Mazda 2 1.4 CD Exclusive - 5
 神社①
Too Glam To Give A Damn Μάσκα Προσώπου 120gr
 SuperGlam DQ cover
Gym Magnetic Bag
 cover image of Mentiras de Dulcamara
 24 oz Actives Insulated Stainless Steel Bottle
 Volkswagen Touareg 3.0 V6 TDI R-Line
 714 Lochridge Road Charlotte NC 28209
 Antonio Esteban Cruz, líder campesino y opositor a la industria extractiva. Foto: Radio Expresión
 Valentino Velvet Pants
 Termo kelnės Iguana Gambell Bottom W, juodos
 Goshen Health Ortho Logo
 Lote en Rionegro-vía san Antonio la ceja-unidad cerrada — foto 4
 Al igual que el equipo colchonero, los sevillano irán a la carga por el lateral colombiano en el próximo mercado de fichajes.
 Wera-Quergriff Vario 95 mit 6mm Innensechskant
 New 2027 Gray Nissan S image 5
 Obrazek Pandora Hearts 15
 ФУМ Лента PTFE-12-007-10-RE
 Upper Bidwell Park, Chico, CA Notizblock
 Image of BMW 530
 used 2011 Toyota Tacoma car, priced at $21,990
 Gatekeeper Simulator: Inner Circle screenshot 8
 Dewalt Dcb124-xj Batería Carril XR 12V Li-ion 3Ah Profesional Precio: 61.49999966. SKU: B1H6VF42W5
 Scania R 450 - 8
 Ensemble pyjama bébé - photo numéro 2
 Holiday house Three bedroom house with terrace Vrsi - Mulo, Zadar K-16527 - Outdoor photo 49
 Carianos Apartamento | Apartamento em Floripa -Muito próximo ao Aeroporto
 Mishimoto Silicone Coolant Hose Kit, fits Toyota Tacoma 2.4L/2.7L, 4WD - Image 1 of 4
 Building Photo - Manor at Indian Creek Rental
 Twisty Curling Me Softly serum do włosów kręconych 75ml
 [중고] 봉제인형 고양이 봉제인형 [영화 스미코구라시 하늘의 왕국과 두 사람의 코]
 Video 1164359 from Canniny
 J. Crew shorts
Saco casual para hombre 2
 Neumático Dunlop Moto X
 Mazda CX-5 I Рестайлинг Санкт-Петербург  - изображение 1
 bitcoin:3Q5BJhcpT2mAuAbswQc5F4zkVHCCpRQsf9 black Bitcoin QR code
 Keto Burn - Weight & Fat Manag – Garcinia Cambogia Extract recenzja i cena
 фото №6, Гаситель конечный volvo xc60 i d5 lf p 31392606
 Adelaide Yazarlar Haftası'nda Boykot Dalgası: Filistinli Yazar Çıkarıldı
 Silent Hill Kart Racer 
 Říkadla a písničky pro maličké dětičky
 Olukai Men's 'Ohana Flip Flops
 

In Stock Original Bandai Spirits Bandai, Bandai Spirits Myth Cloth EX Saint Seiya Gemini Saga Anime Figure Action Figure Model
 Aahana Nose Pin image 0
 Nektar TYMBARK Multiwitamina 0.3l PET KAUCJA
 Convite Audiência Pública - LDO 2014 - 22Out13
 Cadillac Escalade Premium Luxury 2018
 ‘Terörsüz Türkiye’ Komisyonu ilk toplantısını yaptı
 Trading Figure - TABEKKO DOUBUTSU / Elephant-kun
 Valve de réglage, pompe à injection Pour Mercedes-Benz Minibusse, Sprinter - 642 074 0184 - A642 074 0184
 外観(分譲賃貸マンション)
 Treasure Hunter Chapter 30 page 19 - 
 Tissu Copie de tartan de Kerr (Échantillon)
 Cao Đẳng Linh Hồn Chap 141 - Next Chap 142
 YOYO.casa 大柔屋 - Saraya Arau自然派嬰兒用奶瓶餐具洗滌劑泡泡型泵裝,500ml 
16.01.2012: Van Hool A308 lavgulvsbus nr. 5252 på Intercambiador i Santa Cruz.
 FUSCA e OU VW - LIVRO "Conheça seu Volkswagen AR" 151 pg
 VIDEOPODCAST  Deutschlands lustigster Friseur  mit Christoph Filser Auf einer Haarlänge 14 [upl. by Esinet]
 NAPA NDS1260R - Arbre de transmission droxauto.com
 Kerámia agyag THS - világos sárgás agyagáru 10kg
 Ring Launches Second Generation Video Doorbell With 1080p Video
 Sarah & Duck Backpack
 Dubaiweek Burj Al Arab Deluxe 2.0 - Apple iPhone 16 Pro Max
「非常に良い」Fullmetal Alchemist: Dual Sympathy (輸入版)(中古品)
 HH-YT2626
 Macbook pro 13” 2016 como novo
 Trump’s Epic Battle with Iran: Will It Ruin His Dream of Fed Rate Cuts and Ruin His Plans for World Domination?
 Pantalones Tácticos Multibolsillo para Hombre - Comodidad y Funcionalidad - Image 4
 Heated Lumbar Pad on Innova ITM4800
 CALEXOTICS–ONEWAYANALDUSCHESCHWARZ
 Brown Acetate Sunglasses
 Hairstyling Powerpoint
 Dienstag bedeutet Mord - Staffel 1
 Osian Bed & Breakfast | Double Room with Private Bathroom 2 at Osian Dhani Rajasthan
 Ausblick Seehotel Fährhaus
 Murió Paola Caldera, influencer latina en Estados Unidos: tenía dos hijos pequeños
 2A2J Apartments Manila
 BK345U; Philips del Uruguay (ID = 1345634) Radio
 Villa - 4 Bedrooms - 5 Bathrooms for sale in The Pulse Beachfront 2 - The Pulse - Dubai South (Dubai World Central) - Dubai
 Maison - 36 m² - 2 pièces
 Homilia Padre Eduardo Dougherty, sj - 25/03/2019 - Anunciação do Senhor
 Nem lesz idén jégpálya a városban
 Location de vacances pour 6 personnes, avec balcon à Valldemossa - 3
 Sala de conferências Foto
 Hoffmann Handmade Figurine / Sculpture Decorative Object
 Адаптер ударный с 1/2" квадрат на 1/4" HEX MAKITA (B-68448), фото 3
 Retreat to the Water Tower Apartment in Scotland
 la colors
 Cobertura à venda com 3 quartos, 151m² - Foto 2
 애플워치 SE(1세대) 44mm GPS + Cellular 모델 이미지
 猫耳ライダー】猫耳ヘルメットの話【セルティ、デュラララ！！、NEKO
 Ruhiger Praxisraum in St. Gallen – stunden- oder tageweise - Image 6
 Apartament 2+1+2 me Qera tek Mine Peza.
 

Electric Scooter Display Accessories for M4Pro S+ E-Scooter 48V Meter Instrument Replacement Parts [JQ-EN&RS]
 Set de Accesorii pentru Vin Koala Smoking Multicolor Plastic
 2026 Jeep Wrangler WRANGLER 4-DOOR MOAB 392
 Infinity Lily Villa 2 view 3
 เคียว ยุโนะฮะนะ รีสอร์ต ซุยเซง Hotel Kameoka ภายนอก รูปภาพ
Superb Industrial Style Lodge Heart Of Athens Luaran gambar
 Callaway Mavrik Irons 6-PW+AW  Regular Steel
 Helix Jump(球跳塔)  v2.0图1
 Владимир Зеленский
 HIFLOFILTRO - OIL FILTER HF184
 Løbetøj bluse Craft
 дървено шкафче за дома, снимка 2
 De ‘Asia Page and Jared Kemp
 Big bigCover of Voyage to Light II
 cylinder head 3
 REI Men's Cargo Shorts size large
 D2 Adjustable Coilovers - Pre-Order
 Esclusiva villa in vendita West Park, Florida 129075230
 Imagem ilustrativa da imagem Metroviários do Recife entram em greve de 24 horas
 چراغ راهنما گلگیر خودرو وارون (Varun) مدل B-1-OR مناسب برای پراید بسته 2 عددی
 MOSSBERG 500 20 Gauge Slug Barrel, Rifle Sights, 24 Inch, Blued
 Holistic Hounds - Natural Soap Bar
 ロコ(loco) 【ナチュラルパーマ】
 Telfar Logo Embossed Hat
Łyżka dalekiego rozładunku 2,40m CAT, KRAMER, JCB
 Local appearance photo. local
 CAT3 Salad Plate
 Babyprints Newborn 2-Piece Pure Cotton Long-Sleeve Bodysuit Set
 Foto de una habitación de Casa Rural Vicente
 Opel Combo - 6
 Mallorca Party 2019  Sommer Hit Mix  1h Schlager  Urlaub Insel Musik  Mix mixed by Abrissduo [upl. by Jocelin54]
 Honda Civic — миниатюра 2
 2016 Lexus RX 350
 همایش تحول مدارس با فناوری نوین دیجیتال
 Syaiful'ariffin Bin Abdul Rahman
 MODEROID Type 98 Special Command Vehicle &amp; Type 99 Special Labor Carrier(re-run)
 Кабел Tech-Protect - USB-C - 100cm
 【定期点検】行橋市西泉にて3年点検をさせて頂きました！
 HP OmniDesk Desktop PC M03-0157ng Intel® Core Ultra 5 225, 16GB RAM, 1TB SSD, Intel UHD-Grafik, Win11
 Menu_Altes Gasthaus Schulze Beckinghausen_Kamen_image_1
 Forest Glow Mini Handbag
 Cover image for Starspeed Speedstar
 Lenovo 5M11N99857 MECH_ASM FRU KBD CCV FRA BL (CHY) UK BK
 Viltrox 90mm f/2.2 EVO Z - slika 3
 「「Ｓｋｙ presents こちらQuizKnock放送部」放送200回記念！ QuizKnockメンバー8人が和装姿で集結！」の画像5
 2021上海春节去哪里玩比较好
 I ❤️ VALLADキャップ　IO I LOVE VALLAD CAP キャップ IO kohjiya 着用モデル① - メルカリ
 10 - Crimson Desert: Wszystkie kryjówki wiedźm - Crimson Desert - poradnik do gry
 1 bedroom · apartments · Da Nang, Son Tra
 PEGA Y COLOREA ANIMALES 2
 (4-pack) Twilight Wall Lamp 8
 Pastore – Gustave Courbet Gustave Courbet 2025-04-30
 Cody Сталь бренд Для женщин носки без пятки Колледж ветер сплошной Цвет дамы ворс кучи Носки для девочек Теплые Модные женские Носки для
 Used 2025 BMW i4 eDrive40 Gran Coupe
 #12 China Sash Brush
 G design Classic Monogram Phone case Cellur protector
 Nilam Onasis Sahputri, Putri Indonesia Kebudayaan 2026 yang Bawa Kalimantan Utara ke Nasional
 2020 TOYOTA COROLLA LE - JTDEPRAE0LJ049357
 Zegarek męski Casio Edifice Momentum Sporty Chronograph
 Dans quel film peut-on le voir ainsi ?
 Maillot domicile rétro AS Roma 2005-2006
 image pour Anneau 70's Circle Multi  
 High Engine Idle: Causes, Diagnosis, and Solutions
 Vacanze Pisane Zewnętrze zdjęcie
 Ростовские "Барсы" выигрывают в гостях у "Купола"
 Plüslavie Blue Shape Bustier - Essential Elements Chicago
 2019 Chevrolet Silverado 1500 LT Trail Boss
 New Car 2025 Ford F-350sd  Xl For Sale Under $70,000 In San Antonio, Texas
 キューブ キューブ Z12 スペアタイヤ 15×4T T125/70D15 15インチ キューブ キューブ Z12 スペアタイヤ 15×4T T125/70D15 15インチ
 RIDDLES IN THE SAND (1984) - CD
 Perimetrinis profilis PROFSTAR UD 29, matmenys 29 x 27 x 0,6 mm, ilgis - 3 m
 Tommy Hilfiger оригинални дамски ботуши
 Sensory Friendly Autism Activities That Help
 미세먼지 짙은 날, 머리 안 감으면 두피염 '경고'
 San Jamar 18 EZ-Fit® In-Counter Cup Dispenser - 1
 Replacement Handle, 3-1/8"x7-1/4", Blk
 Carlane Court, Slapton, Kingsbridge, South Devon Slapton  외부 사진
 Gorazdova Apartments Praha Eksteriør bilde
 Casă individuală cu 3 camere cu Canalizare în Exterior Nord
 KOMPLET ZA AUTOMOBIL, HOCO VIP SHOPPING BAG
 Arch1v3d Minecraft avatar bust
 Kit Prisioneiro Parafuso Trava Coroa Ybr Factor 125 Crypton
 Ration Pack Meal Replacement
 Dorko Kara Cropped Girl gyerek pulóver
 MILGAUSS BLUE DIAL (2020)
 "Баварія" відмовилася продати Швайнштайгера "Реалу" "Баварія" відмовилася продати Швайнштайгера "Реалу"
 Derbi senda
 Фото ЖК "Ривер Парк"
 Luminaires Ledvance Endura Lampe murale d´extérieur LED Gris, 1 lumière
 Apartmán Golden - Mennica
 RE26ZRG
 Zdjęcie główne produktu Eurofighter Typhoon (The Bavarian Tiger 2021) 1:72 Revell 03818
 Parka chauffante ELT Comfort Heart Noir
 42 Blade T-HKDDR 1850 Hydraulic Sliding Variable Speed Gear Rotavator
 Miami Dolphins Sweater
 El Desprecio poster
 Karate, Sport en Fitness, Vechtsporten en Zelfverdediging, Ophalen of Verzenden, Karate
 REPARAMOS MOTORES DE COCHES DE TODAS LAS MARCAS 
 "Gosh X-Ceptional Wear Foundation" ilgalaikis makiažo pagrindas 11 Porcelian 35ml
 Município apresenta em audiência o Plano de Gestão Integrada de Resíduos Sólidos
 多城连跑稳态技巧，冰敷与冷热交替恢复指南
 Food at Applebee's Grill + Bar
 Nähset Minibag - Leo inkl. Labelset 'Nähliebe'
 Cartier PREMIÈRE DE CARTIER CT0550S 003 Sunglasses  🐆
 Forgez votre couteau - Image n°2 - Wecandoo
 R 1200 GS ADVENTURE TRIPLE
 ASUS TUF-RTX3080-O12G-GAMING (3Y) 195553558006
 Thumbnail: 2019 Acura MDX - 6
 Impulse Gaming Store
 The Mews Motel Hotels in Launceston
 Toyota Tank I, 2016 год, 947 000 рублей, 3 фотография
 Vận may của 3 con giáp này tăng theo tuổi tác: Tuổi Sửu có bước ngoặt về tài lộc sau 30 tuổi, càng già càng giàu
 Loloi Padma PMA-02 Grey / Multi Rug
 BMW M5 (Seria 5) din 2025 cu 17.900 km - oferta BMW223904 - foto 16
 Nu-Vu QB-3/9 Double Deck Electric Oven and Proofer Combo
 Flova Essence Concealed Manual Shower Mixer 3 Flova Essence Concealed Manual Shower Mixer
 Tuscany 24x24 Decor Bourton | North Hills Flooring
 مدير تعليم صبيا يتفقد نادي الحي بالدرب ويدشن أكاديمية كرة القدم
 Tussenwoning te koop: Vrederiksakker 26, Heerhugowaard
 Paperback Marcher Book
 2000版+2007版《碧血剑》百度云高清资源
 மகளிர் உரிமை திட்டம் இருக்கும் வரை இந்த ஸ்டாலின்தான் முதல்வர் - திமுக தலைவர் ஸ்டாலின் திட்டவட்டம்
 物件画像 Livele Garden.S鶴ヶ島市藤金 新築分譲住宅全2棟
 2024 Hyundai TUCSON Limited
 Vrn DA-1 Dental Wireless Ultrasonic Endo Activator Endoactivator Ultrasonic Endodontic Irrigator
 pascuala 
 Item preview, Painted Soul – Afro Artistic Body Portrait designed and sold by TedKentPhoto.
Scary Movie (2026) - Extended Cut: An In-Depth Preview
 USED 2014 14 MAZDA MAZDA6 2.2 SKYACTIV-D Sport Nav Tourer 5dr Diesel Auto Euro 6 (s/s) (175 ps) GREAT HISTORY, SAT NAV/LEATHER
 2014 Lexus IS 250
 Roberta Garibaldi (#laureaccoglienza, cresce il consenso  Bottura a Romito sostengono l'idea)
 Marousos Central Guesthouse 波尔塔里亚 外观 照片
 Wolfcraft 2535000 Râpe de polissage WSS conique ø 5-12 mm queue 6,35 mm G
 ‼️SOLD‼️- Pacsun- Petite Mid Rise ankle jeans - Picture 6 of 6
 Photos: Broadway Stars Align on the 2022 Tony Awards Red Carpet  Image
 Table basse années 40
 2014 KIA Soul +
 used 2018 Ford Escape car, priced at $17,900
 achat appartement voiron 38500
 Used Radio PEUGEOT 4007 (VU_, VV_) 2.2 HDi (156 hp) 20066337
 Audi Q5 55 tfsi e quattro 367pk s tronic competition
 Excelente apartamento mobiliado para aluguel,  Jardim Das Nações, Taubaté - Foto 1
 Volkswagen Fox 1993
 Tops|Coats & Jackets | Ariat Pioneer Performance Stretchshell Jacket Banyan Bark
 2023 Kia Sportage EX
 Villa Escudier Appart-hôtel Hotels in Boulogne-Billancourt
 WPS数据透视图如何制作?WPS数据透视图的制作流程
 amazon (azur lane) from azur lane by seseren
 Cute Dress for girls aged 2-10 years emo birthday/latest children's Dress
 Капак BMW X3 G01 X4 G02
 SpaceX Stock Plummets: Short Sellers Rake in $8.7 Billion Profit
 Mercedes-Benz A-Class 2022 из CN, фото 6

....................

:: Task to complete ::
The result is a copy of every line above where the word "Double" shows up.

:: Problem solution ::
 Osian Bed & Breakfast | Double Room with Private Bathroom 2 at Osian Dhani Rajasthan
 Nu-Vu QB-3/9 Double Deck Electric Oven and Proofer Combo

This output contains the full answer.